### Your task:
Only the lines below from the one containing "Faux Fur Coat" through the one containing "COUGAR E-GRAV 160" belong in the answer, set down exactly, with the pictures left out.

### Task material:
- Opening Delimiter -
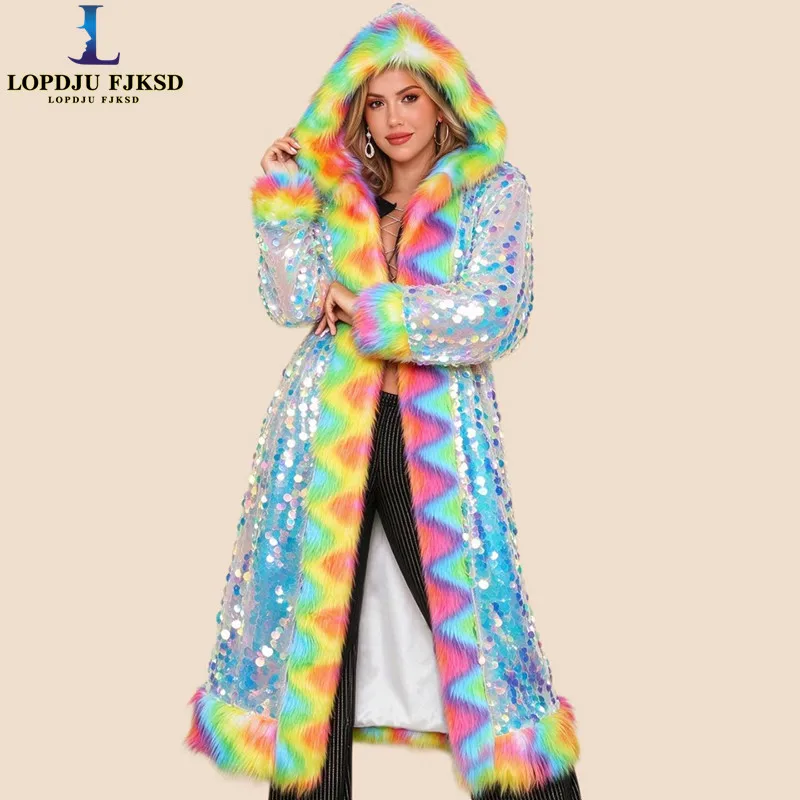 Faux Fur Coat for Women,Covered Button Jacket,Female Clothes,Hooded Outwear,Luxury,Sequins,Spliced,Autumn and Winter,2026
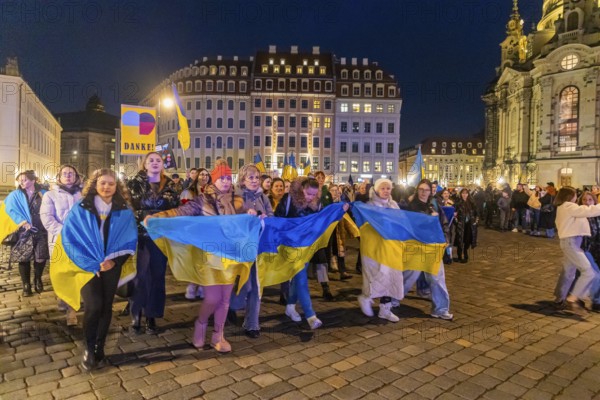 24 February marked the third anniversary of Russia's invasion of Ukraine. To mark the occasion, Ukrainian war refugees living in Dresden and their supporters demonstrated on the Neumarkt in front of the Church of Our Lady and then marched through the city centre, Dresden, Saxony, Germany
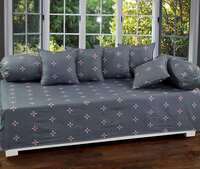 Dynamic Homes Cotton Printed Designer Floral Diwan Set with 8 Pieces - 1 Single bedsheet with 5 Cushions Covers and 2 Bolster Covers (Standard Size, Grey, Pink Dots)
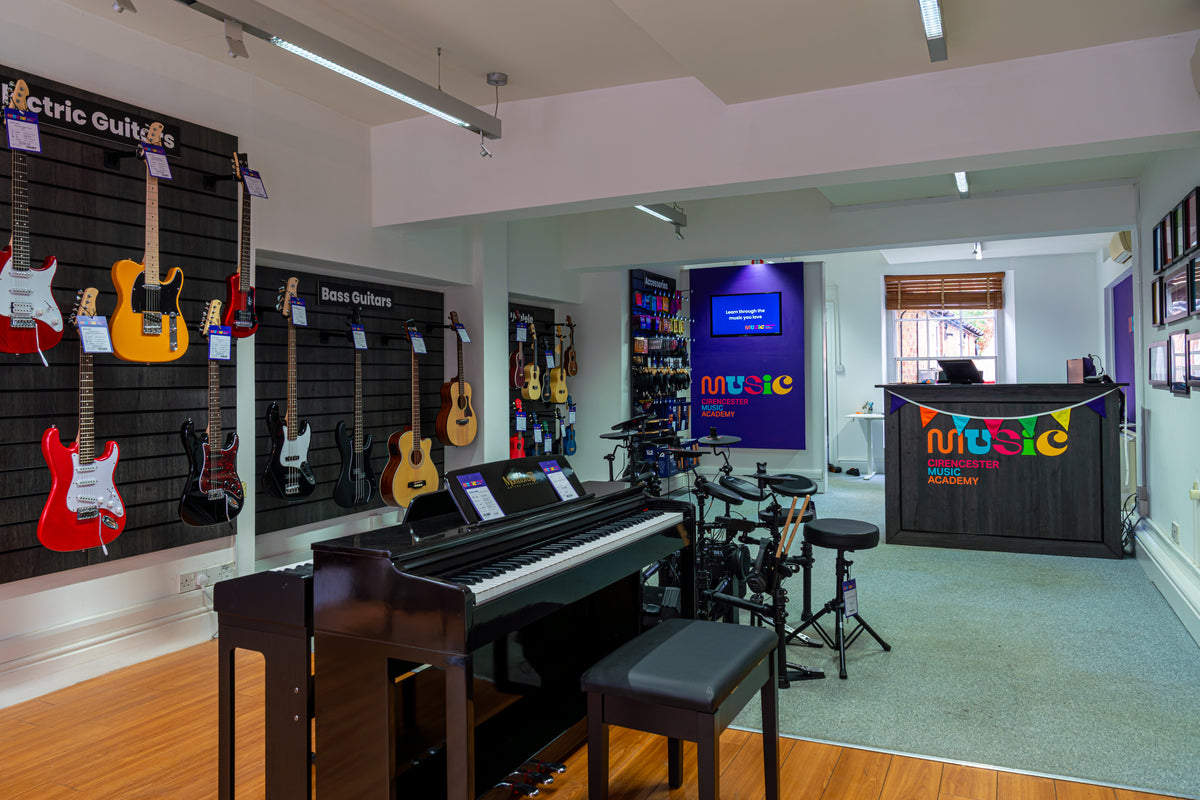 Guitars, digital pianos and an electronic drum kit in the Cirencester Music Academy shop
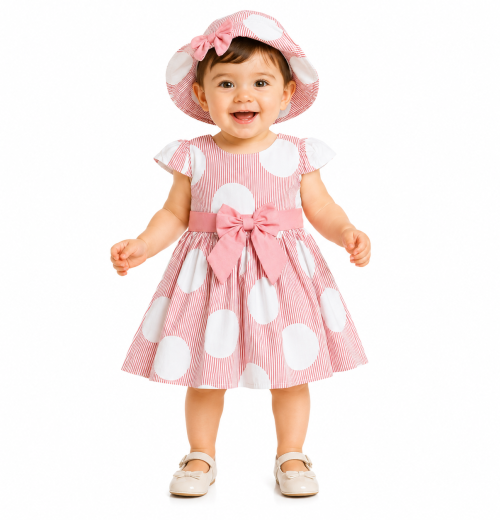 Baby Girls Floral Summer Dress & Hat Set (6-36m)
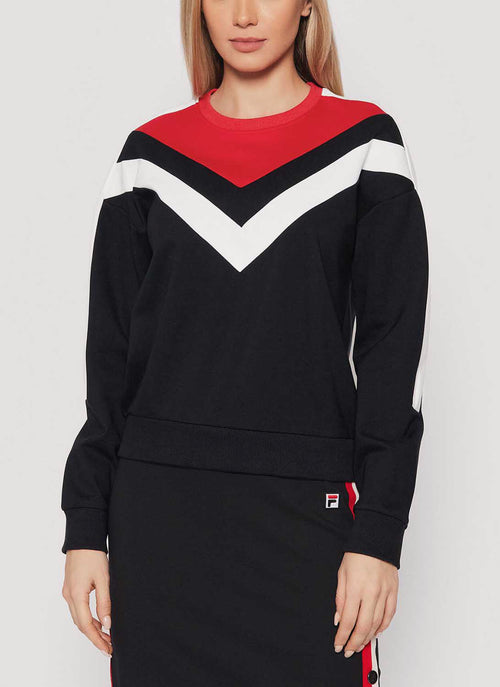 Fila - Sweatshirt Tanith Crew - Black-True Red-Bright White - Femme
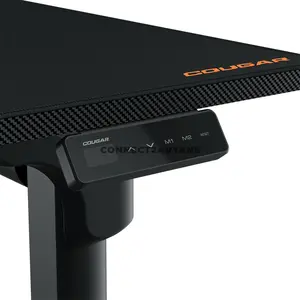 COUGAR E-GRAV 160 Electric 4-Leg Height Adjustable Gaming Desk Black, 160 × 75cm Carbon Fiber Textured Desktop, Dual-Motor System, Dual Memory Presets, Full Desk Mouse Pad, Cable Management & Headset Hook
- Closing Delimiter -
- Opening Delimiter -
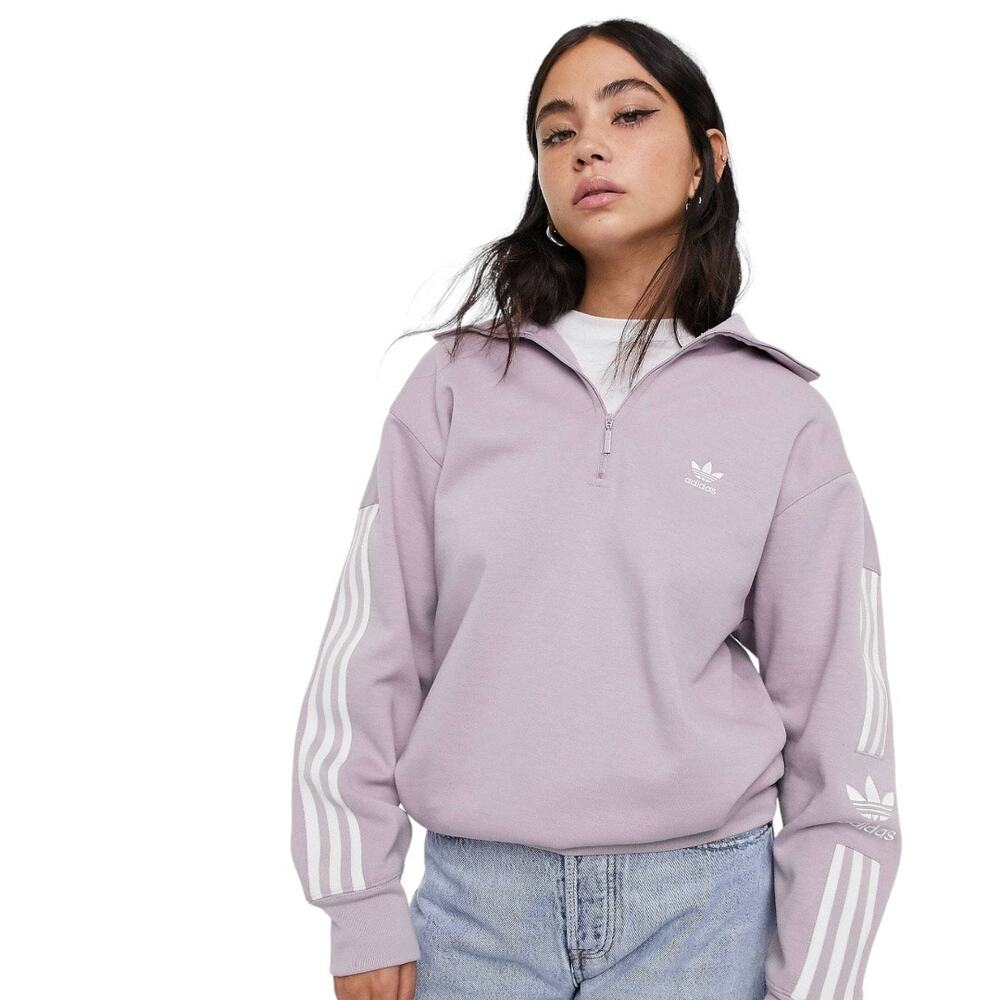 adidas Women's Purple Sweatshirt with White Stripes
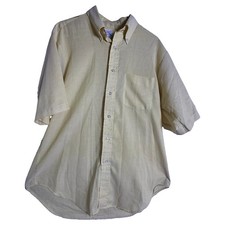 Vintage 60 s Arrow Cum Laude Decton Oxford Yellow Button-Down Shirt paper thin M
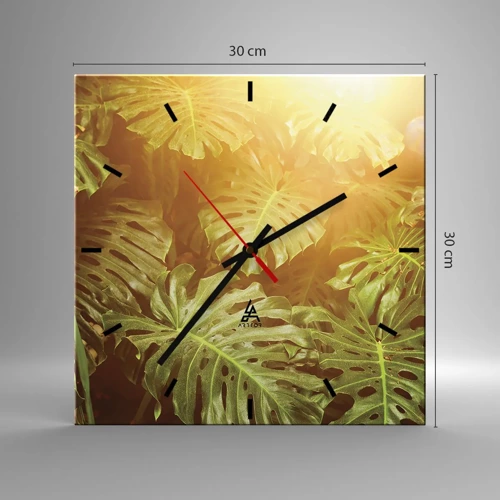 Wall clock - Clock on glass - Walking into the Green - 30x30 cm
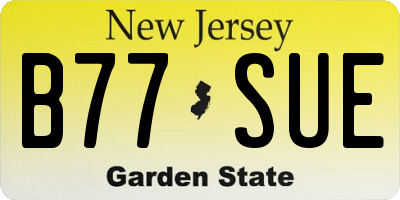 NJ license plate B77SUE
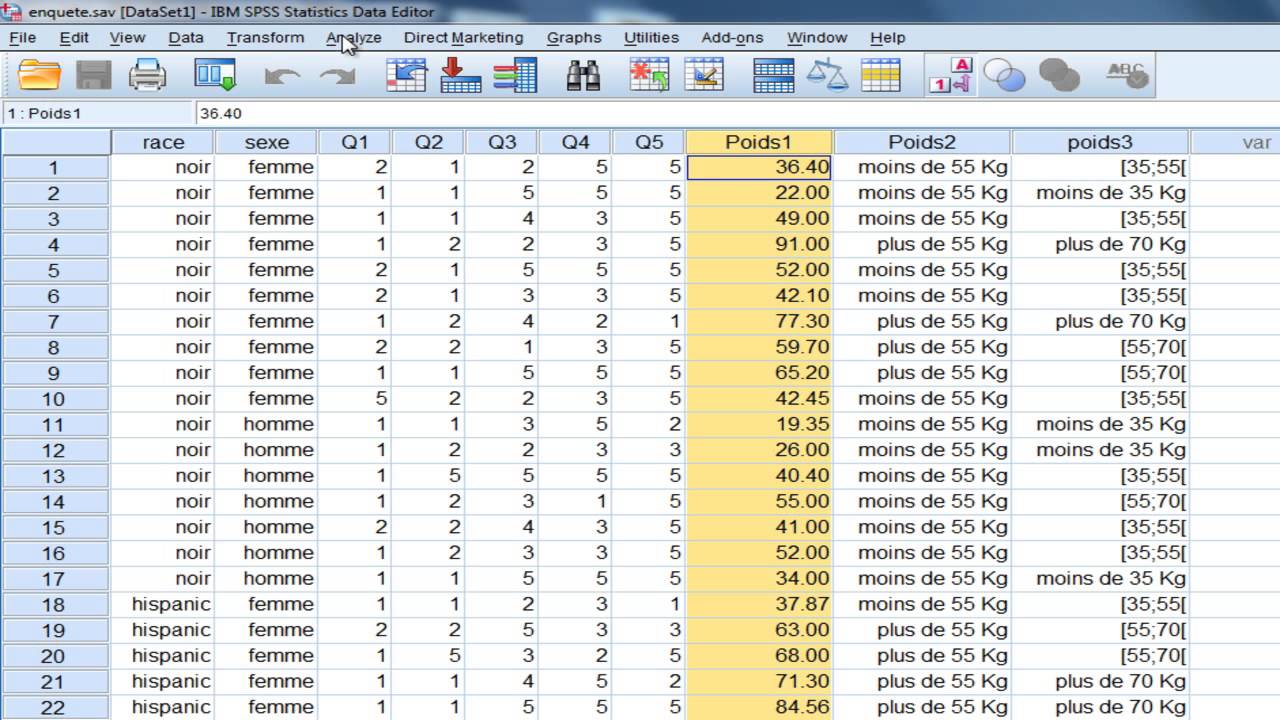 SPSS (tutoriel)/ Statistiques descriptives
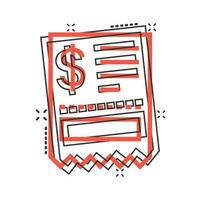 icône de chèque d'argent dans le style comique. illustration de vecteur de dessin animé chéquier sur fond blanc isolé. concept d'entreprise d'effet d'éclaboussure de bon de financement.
- Closing Delimiter -
### Result:
 Faux Fur Coat for Women,Covered Button Jacket,Female Clothes,Hooded Outwear,Luxury,Sequins,Spliced,Autumn and Winter,2026
 24 February marked the third anniversary of Russia's invasion of Ukraine. To mark the occasion, Ukrainian war refugees living in Dresden and their supporters demonstrated on the Neumarkt in front of the Church of Our Lady and then marched through the city centre, Dresden, Saxony, Germany
 Dynamic Homes Cotton Printed Designer Floral Diwan Set with 8 Pieces - 1 Single bedsheet with 5 Cushions Covers and 2 Bolster Covers (Standard Size, Grey, Pink Dots)
 Guitars, digital pianos and an electronic drum kit in the Cirencester Music Academy shop
 Baby Girls Floral Summer Dress & Hat Set (6-36m)
 Fila - Sweatshirt Tanith Crew - Black-True Red-Bright White - Femme
 COUGAR E-GRAV 160 Electric 4-Leg Height Adjustable Gaming Desk Black, 160 × 75cm Carbon Fiber Textured Desktop, Dual-Motor System, Dual Memory Presets, Full Desk Mouse Pad, Cable Management & Headset Hook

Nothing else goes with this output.